WHAT IS REQUIRED = Write the records out again exactly as they read, dropping any picture they hold.

EXERCISE INPUTS =
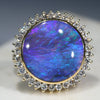 Large Natural Australian Black Opal and Diamond 18k Gold Ring -Size 9.25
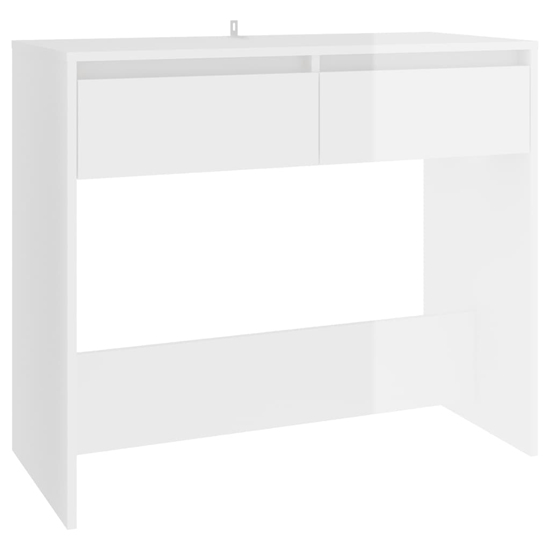 Finley High Gloss Console Table With 2 Drawers In White_2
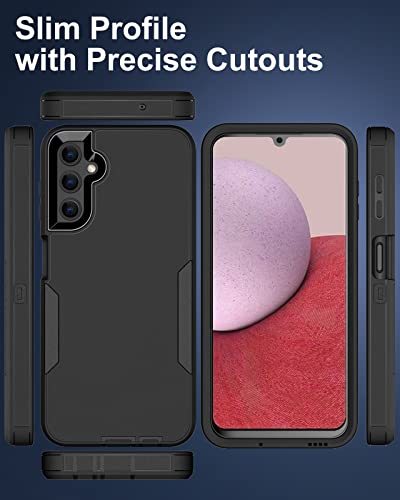 Dahkoiz for Samsung Galaxy A14 5G Case, with Tempered Glass Screen Protector and Dust-Proof Port Cover, Full Body Protection Rubber Cover Phone Case for Samsung Galaxy A14 5G, Black/Black - Thumbnail 2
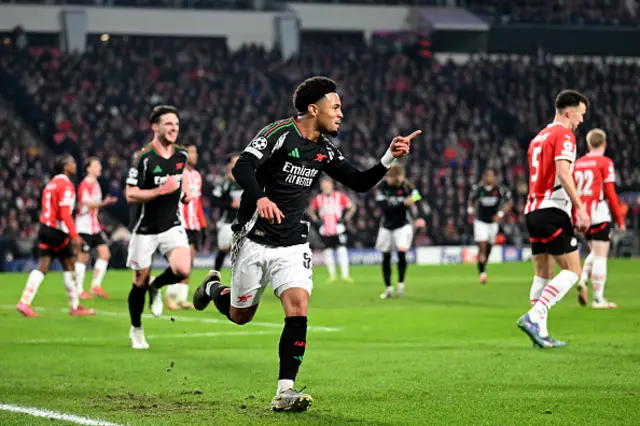 Ethan Nwaneri of Arsenal celebrates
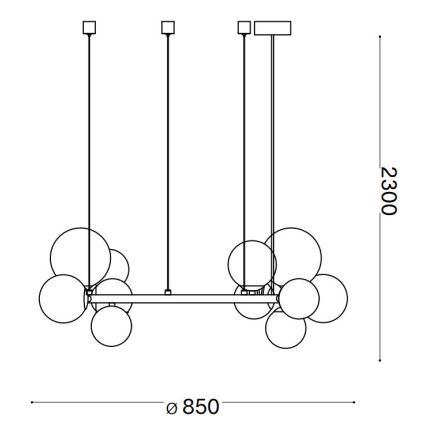 Ideal Lux - LED luster na sajli PERLAGE 14xG9/3W/230V prečnik 85 cm crna/zadimljena crna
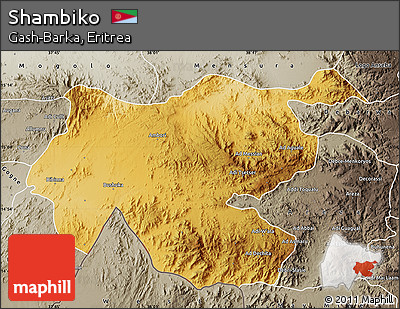 Physical Map of Shambiko, semi-desaturated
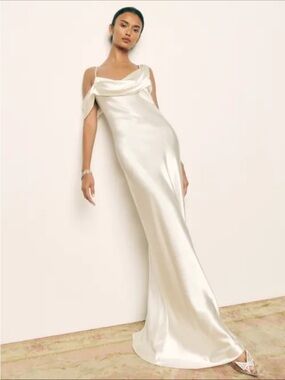 Reformation Satin Ivory Draped Slip Gown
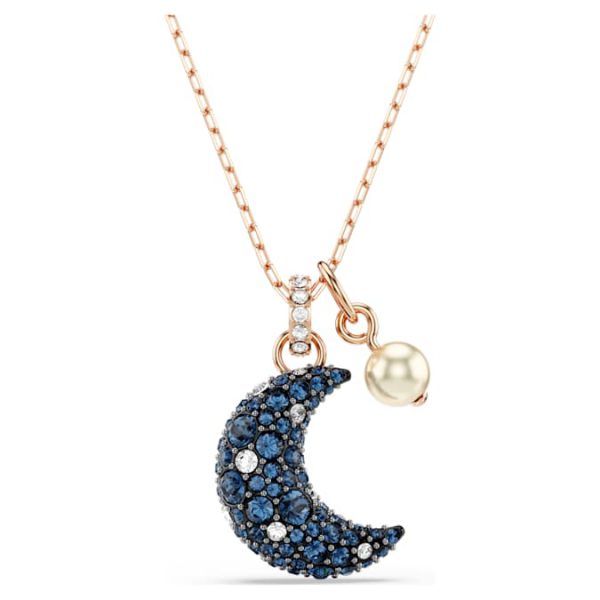 Sublima pendant Crystal pearl, Moon, Multicolored, Rose gold-tone plated - Image 2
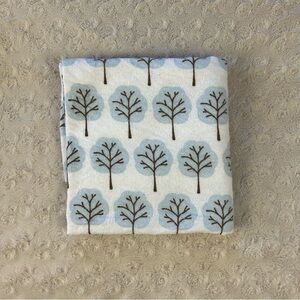 Luvable Friends Tree Print Baby Receiving Blanket Blue White Brown Flannel 40070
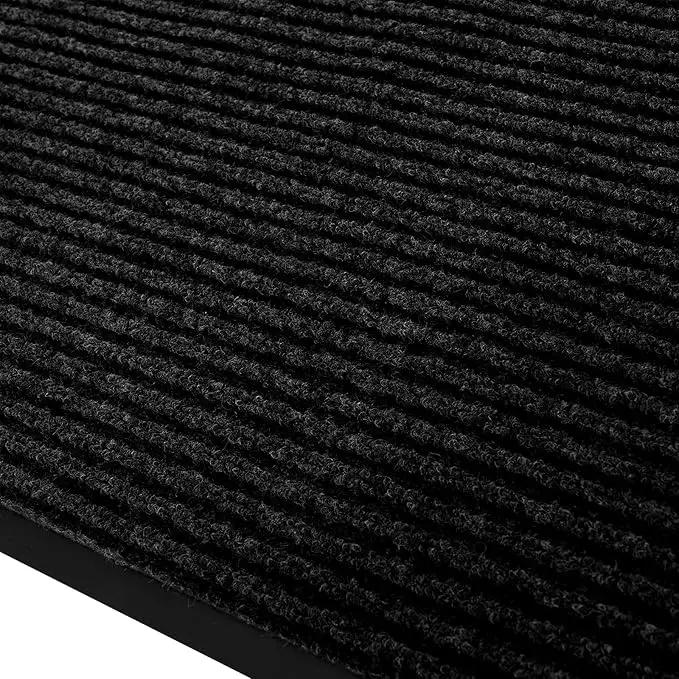 fani Heavy Duty Large Outdoor Indoor Entrance Black Doormat Waterproof Low Profile Entrance Rug Front Door Mat Patio Anti-Skid Rubber Back, 35x60 inch (Black) by GreenHaven Gardens
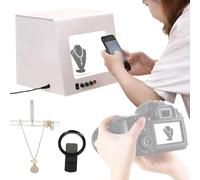 EXSHUING Box Fotografico Professionale Per E-Commerce, Lightbox Rotante A 360° Per Fotografia Di Prodotti, Capacità 1 Kg, 3000-5500k, 4 Led, Supporto Per Appendere, Gioielli Piccoli Oggetti(TB20)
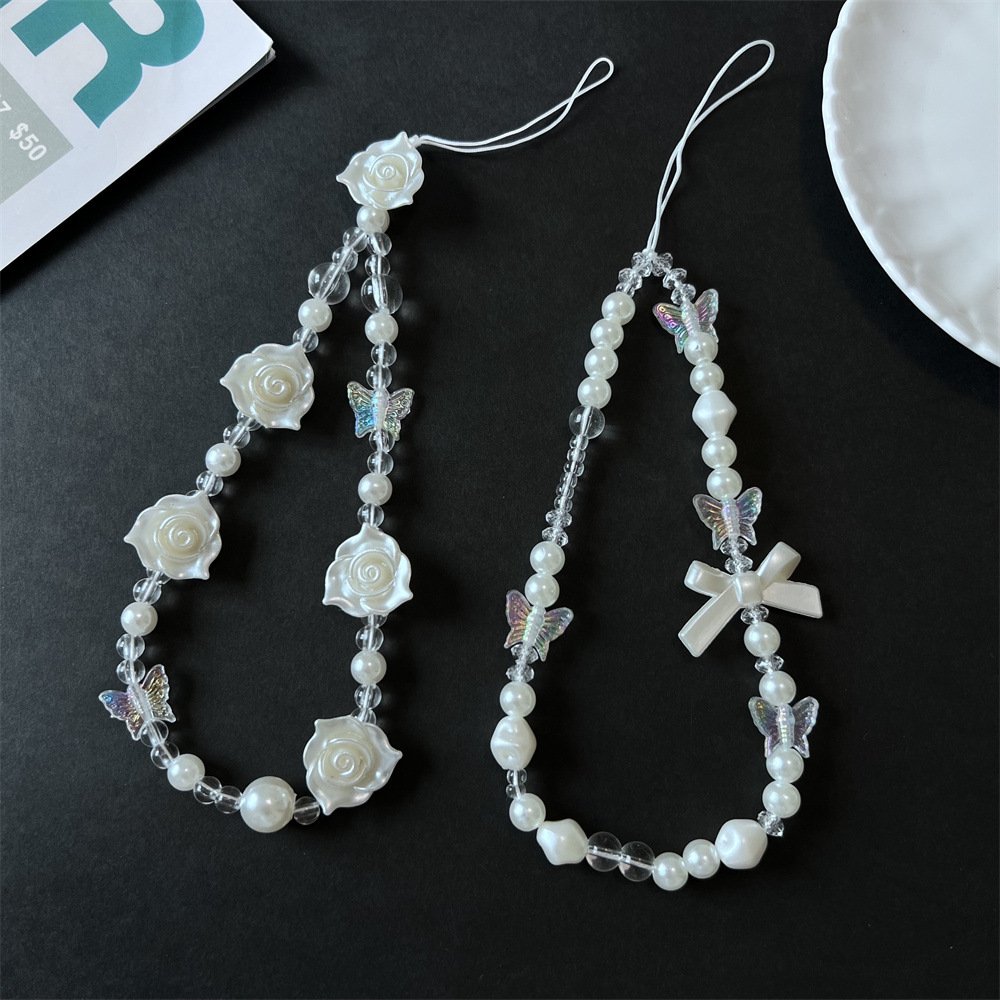 Universal Phone Case Hanging Rope White Flower Mobile Phone Lanyard Strap Sweet Butterfly Pendant Pearl Beads Phone Chain Strap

REPLY TO THE EXERCISE =
 Large Natural Australian Black Opal and Diamond 18k Gold Ring -Size 9.25
 Finley High Gloss Console Table With 2 Drawers In White_2
 Dahkoiz for Samsung Galaxy A14 5G Case, with Tempered Glass Screen Protector and Dust-Proof Port Cover, Full Body Protection Rubber Cover Phone Case for Samsung Galaxy A14 5G, Black/Black - Thumbnail 2
 Ethan Nwaneri of Arsenal celebrates
 Ideal Lux - LED luster na sajli PERLAGE 14xG9/3W/230V prečnik 85 cm crna/zadimljena crna
 Physical Map of Shambiko, semi-desaturated
 Reformation Satin Ivory Draped Slip Gown
 Sublima pendant Crystal pearl, Moon, Multicolored, Rose gold-tone plated - Image 2
 Luvable Friends Tree Print Baby Receiving Blanket Blue White Brown Flannel 40070
 fani Heavy Duty Large Outdoor Indoor Entrance Black Doormat Waterproof Low Profile Entrance Rug Front Door Mat Patio Anti-Skid Rubber Back, 35x60 inch (Black) by GreenHaven Gardens
 EXSHUING Box Fotografico Professionale Per E-Commerce, Lightbox Rotante A 360° Per Fotografia Di Prodotti, Capacità 1 Kg, 3000-5500k, 4 Led, Supporto Per Appendere, Gioielli Piccoli Oggetti(TB20)
 Universal Phone Case Hanging Rope White Flower Mobile Phone Lanyard Strap Sweet Butterfly Pendant Pearl Beads Phone Chain Strap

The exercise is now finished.